When Jesus called us to love our neighbor as we love ourselves, I don't recall there being a caveat about doing so when we felt like it or it was convenient. Life is stressful and busy and most Moms have their hands full with their own families--but I believe we do those families a disservice to NOT model obedience to God's design for caring for one another. I hear people say something to the effect of: There will be a season for serving others, but this is my season to serve my family. In response, I want to ask why we think of the two things in opposition to one another. Isn't loving and serving our neighbors an extension of loving our families in the instruction and admonition of the Lord?
Lest my point be lost, I don't believe it serves our families well to be on 18 committees and signing up to bring a casserole to someone every day of the week. I DO think this means praying constantly for the Lord to show you what He has for YOU in YOUR world that could be a visible expression of His love and care for those you encounter on a daily basis...especially when it can be done with and in front of your children.
I fear we overthink this and make it more complicated that it truly is. Do you know what seems to impact my children's hearts more than any other 'service' I do? Knowing the names of the people who work at my grocery store and a little bit about their lives. When I stop to ask Carole about her grandson, John about his next fishing trip or Jennifer about her kids it conveys a message stronger than any lecture I could give my children about respecting others regardless of their position in life.
When we slow down and offer help to the 'needy' people we encounter in our everyday lives (needs ranging from a kind word, a smile, appreciation, patience, help with groceries) the little sets of eyes watching us (and, more importantly, their impressionable hearts) get a real lesson in what we sincerely believe about our neighbors. Are our concerns too important to consider theirs?

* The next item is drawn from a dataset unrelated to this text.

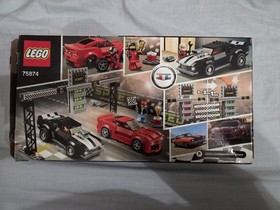 LEGO SPEED CHAMPIONS: Chevrolet Camaro Drag Race (75874)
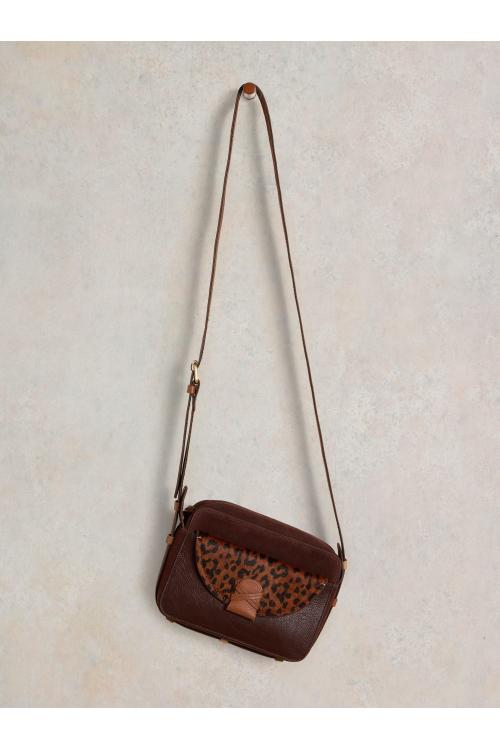 White Stuff WS Lola Camera Bag in BROWN MLT Art. WS439447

No matter how busy you are, you do have time for kindness...even if you are stressed, they don't deserve it, or you just aren't in the mood. As Dahlstrom wrote, Jesus' example of foot washing tells us something vitally important about the nature of the Gospel:
"He’s telling us to be ready to serve, both when it energizes us and when it doesn’t, both when we’ve warm feelings (for) the recipients of our service, and when they annoy us. That’s the essence of what it means to make God visible in this world, because that’s how God made Himself visible in the world most clearly. I’m challenged by Jesus’ example of the towel and basin, chastened with the awareness that I withdraw from serving at times, both because “I’m wiped out” and because “they don’t deserve it”. I rarely use those phrases precisely. I talk about boundaries and enabling instead. Those are two legitimate principles for all of us who work with people must invoke to serve well, but which can also be used to baptize our own selfishness and pettiness at times. What Jesus is saying is true service needs to happen even when you don’t feel like it, and should be offered even to people who don’t deserve it. That’s the gospel."
Wow. I am challenged.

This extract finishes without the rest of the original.